## 1st Class: Cross validation and initial randomness

> Date: June 30, 2020

- **Holdout:** Technique where we separate train and test data.
- **Cross validation:** Technique used to enrich the data usage, seizing all data in both, train and test.

### Fourth project of the first class ([1_introduction_to_the_classification_with_SKLearn](https://github.com/BrunaMS/machine_learning_course/blob/master/1_introduction_to_the_classification_with_SKLearn/5.%20The%20fourth%20project.ipynb))

In this project, I made a project to verify if, with a defined price, the car model and its age, one person would sell his/her automobile, making a prediction about the sale and if is or not likely that it'll be sold.

In [2]:
import pandas as pd
from datetime import datetime
uri = "https://gist.githubusercontent.com/guilhermesilveira/4d1d4a16ccbf6ea4e0a64a38a24ec884/raw/afd05cb0c796d18f3f5a6537053ded308ba94bf7/car-prices.csv"
data = pd.read_csv(uri)

sold_change = {
    'yes' : 1,
    'no'  : 0
}

current_year = datetime.today().year
data['model_age'] = current_year - data.model_year 
data['km_per_year'] = data.mileage_per_year * 1.60934 
data.sold = data.sold.map(sold_change)
data = data.drop(columns = ['Unnamed: 0', 'mileage_per_year', 'model_year'], axis=1) # Axis: 1 - Column, 0 - Row
data.head()

Unnamed: 0,price,sold,model_age,km_per_year
0,30941.02,1,20,35085.22134
1,40557.96,1,22,12622.05362
2,89627.5,0,14,11440.79806
3,95276.14,0,5,43167.32682
4,117384.68,1,6,12770.1129


In [3]:
from sklearn.svm import SVC
from sklearn.model_selection import train_test_split
from sklearn.metrics import accuracy_score
from sklearn.preprocessing import  StandardScaler
from sklearn.dummy import DummyClassifier
import numpy as np

x = data[['model_age', 'price', 'km_per_year']]
y = data['sold']

SEED = 15
np.random.seed(SEED)
raw_train_x, raw_test_x, train_y, test_y = train_test_split(x, y, random_state = SEED, test_size = 0.25, stratify = y)

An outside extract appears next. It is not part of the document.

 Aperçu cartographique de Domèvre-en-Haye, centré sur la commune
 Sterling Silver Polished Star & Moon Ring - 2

# Baseline (default - stratified)
dummy = DummyClassifier()
dummy.fit(raw_train_x, train_y)
predictions = dummy.predict(raw_test_x)
accuracy = dummy.score(test_y, predictions)
print("The accuracy of Dummy algorithm is %.2f%% " % (accuracy*100))

The accuracy of Dummy algorithm is 51.68% 


In [4]:
scaler = StandardScaler()
scaler.fit(raw_train_x)
train_x = scaler.transform(raw_train_x)
test_x = scaler.transform(raw_test_x)

# Using SVC
model = SVC()
model.fit(train_x, train_y)
predictions = model.predict(test_x)

accuracy = accuracy_score(test_y, predictions)
print("The accuracy of this algorithm is %.2f%% " % (accuracy*100))

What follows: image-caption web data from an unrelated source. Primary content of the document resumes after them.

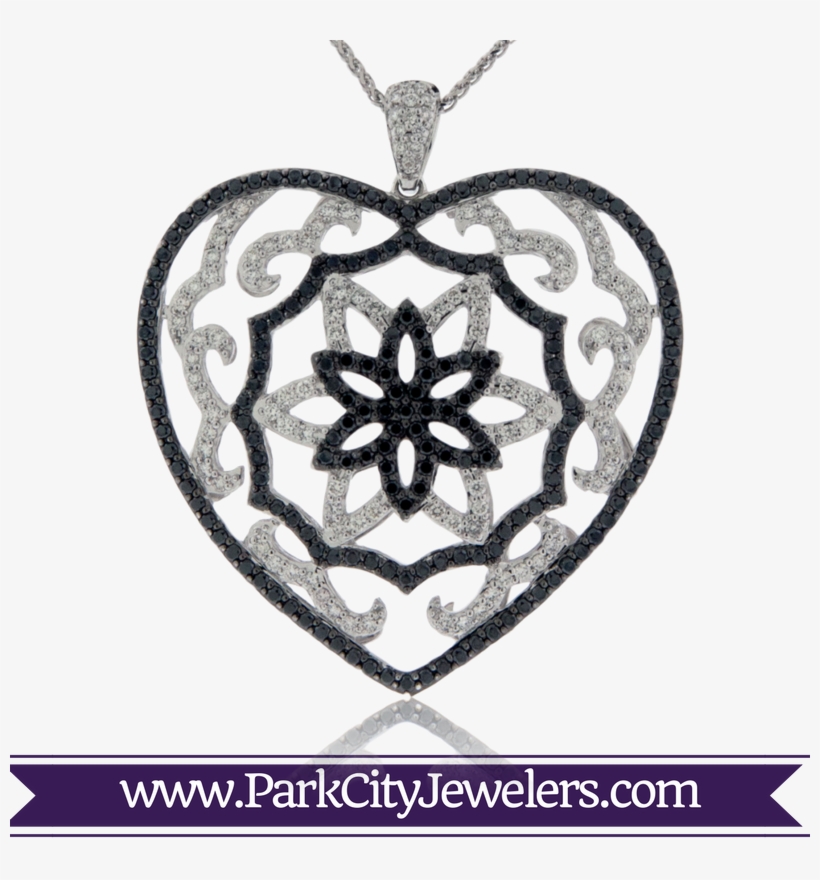 White And Black Diamond Heart Pendant - Mountain Earrings With Diamonds, transparent png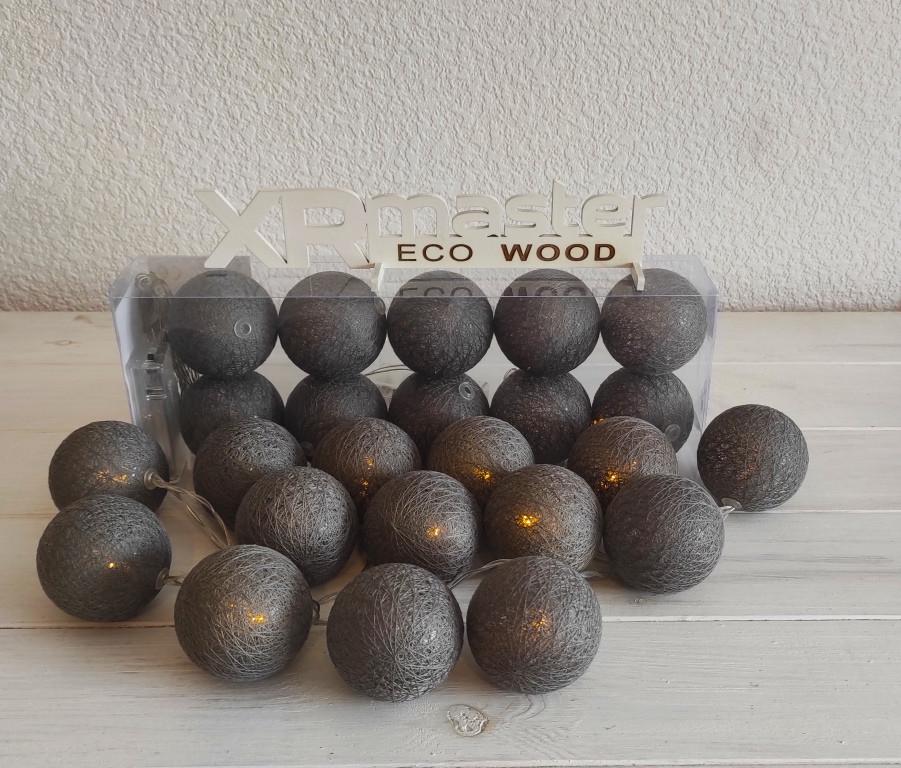 Гирлянда тайские шарики фонарики АА батарейки 1,5 м 10 лампочек в форме шариков 70 мм темно-серые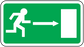 Emergency door sticker with white arrow pointing to door icon on green background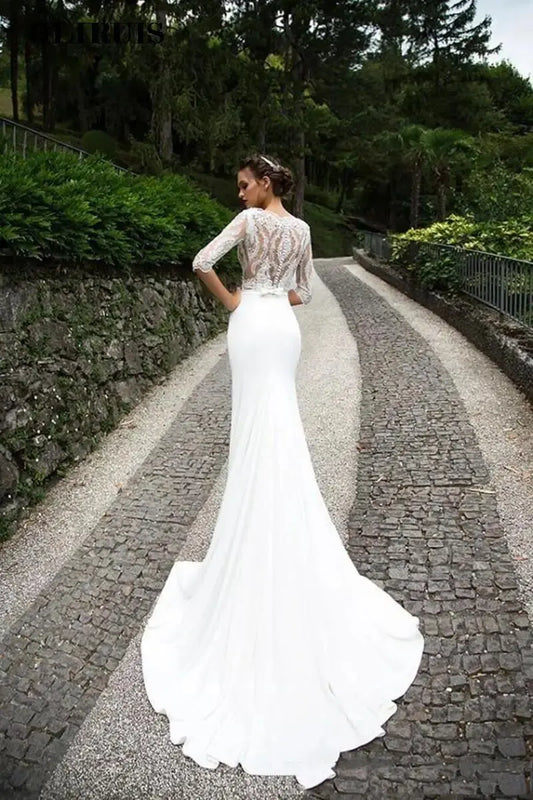 Bohemian Lace Wedding Dresses Long Sleeves Summer Beach Two Pieces Bridal Gowns White Country Wedding Dress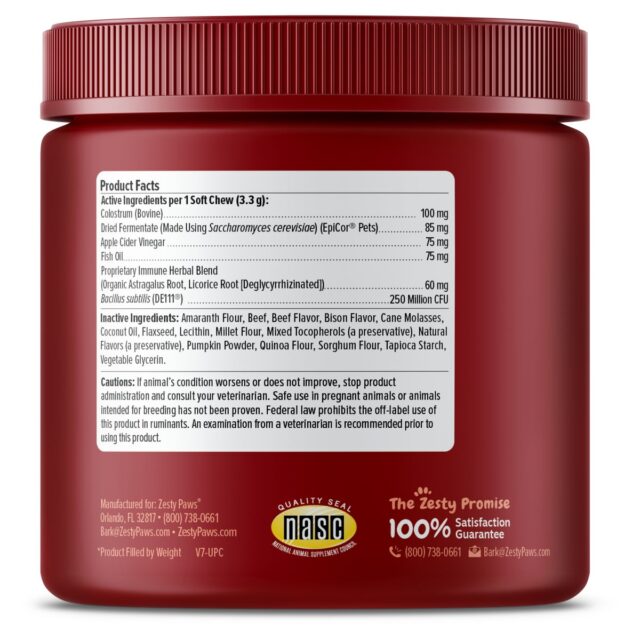Zesty Paws Immune System Ancient Elements Aller-Immune Bites for Dogs, Allergy Relief and Supports Immune Function, Gut Health & Sensitive Skin, Bison Flavor, 90 Count Soft Chews - Image 4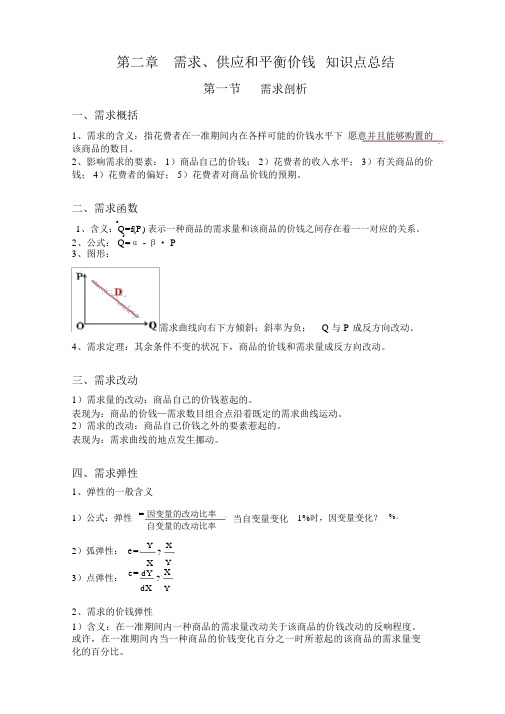 (完整版)第二章需求曲线和供给曲线知识点总结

The accuracy of this algorithm is 77.20% 


In [5]:
## Decision trees
## Classifiers that can show to us reasons to the taken decisions.

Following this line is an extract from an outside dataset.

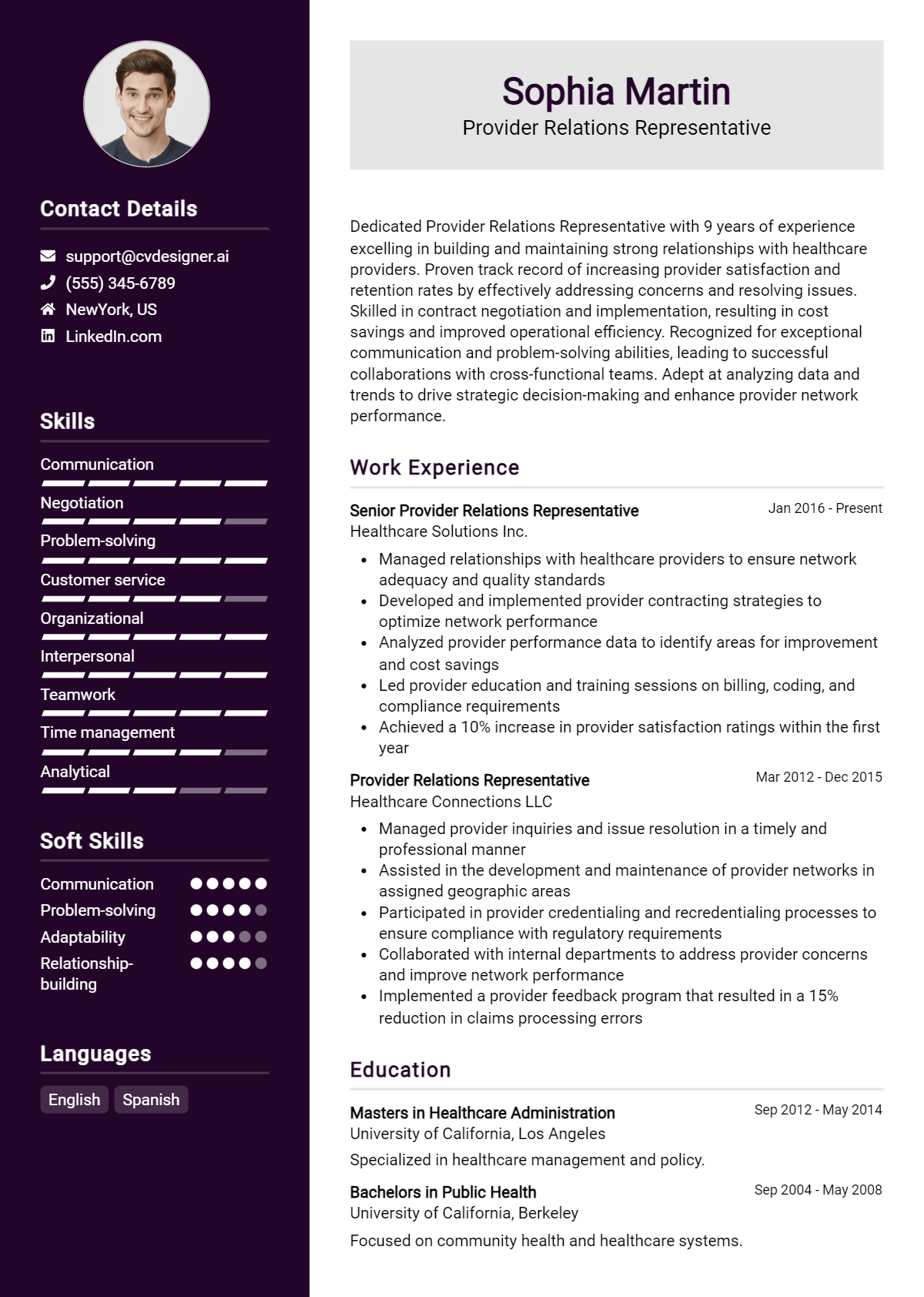 Provider Relations Representative Resume Example for 2026: Tips & Templates Preview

from sklearn.tree import DecisionTreeClassifier

raw_train_x, raw_test_x, train_y, test_y = train_test_split(x, y, random_state = SEED, test_size = 0.25, stratify = y)

# Using a decision tree machine  
# The argument max_depth is used to define de max size of the thee
tree_model = DecisionTreeClassifier(max_depth = 3)
tree_model.fit(raw_train_x, train_y)
predictions = tree_model.predict(raw_test_x)

accuracy = accuracy_score(test_y, predictions)
print("The accuracy of this algorithm is %.2f%% " % (accuracy*100))

The accuracy of this algorithm is 79.68% 


### Continuation of the project with cross validation

> There are same pappers saying that a cross validation between 5 and 10  is the best way to use this tool.

In [6]:
# Import cross_validate
# Define the model
# Use cross validate with cv = 3
# Print results
# Remove train score of results
# Print test_score
# Remember to define always the same SEED
# Print mean with +/- standard deviation (std)

In [7]:
import pandas as pd
from datetime import datetime


uri = "https://gist.githubusercontent.com/guilhermesilveira/4d1d4a16ccbf6ea4e0a64a38a24ec884/raw/afd05cb0c796d18f3f5a6537053ded308ba94bf7/car-prices.csv"
data = pd.read_csv(uri)

sold_change = {
    'yes' : 1,
    'no'  : 0
}

current_year = datetime.today().year
data['model_age'] = current_year - data.model_year 
data['km_per_year'] = data.mileage_per_year * 1.60934 
data.sold = data.sold.map(sold_change)
data = data.drop(columns = ['Unnamed: 0', 'mileage_per_year'], axis=1) # Axis: 1 - Column, 0 - Row

In [8]:
from sklearn.model_selection import cross_validate
from sklearn.tree import DecisionTreeClassifier

SEED = 25
np.random.seed(SEED)

x = data[['model_age', 'price', 'km_per_year']]
y = data['sold']


tree_model = DecisionTreeClassifier(max_depth = 2)
result = cross_validate(tree_model, x, y, cv = 5)
result

{'fit_time': array([0.00736451, 0.0065515 , 0.00662231, 0.00627613, 0.00665045]),
 'score_time': array([0.00132871, 0.00132298, 0.00121951, 0.00121045, 0.0012846 ]),
 'test_score': array([0.756 , 0.7565, 0.7625, 0.7545, 0.7595])}

In [9]:
print('Test Score: ', result['test_score'])
accuracy_mean = result['test_score'].mean()
accuracy_std = result['test_score'].std()
print('Test accuracy gap: between %.2f - %.2f' % (100 * (accuracy_mean - accuracy_std), 100 * (accuracy_mean + accuracy_std)))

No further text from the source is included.